Appeal from the Circuit Court of Cook County; the Hon. Richard Dowdle, Judge, presiding.


After a complete hearing, the trial court disallowed expenditures of $5,880.75 presented in the "Second Current Account" of Edward Parsons (defendant), acting as plenary-guardian of Catherine Wambaugh (ward). In addition, the court assessed a surcharge of $20,100 against defendant. Defendant appeals.

The ward was found physically and mentally incapable of handling her affairs. On October 18, 1974, defendant was appointed conservator of the person and estate of the ward. The principal asset of the estate was a home which had been owned in joint tenancy by the ward and her deceased son. The ward was also the sole beneficiary of her son's estate. At the time of the son's death in 1974, the ward was living in a rehabilitation center or nursing home. She continued to live there throughout the period of this litigation. Thus the home owned by the ward had been vacant since the death of the son.

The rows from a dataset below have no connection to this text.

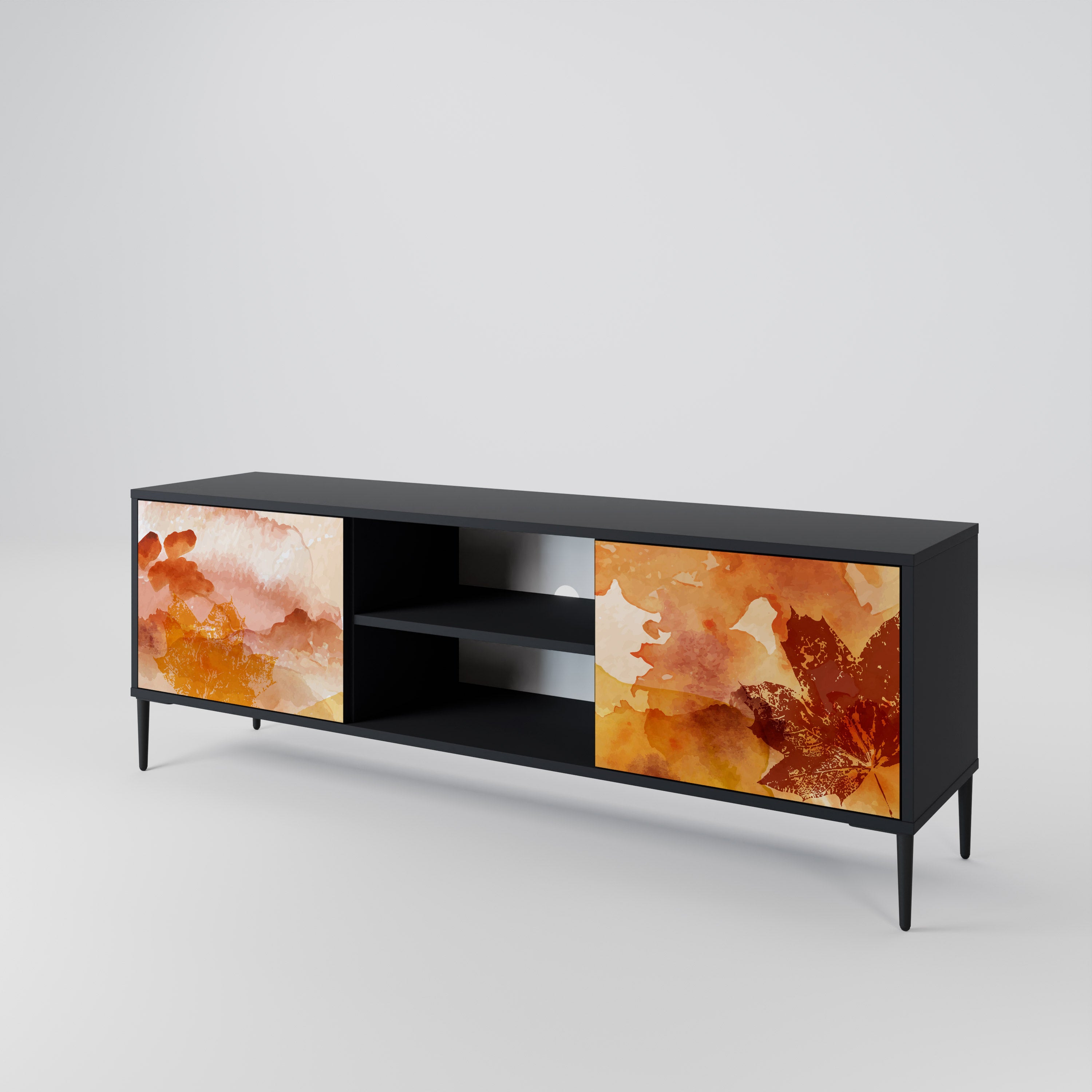 Mueble de TV de 2 puertas TRACES OF AUTUMN en acabado negro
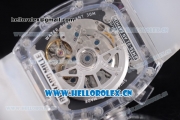 Richard Mille RM 011 Felipe Massa Flyback Chronograph Swiss Valjoux 7750 Automatic Sapphire Crystal Case with Aerospace Nano Translucent and Skeleton Dial Strap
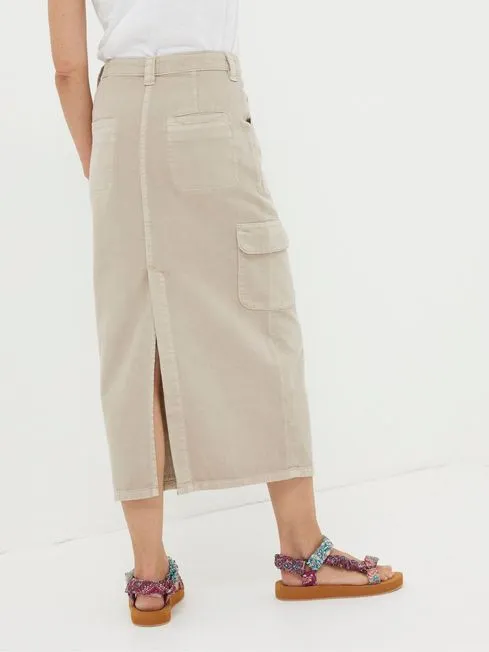 Women Fatface Skirts Candace Natural Cargo Midi Skirt Women Fatface Skirts Candace Natural Cargo Midi Skirt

In 1976, a dispute arose between defendant and the gas company involving a bill which defendant charged was exorbitant. Defendant refused to make payment. In March of 1976, apparently without notice, the gas company disconnected the gas from the property. This resulted in frozen pipes, general flooding, and considerable damage to the property. In addition, although the record is not definite in this regard, there is testimony that the premises were damaged on three separate occasions by freezing of water in the toilet bowl. Defendant himself testified "the gas was shut off from time to time."

Defendant hired a "remodeling contractor" to repair the damaged property. This person testified he had never been licensed by the city of Chicago or any other governmental agency. From the record, it appears an attempted renovation was largely completed by January of 1977, though incidental repairs were carried on during the next two years. In defendant's "Second Current Account" he reported total expenditures to this contractor of $11,076.10 for "repair and maintenance of the realty." The property remained vacant until it was sold in July 1981 for $52,000.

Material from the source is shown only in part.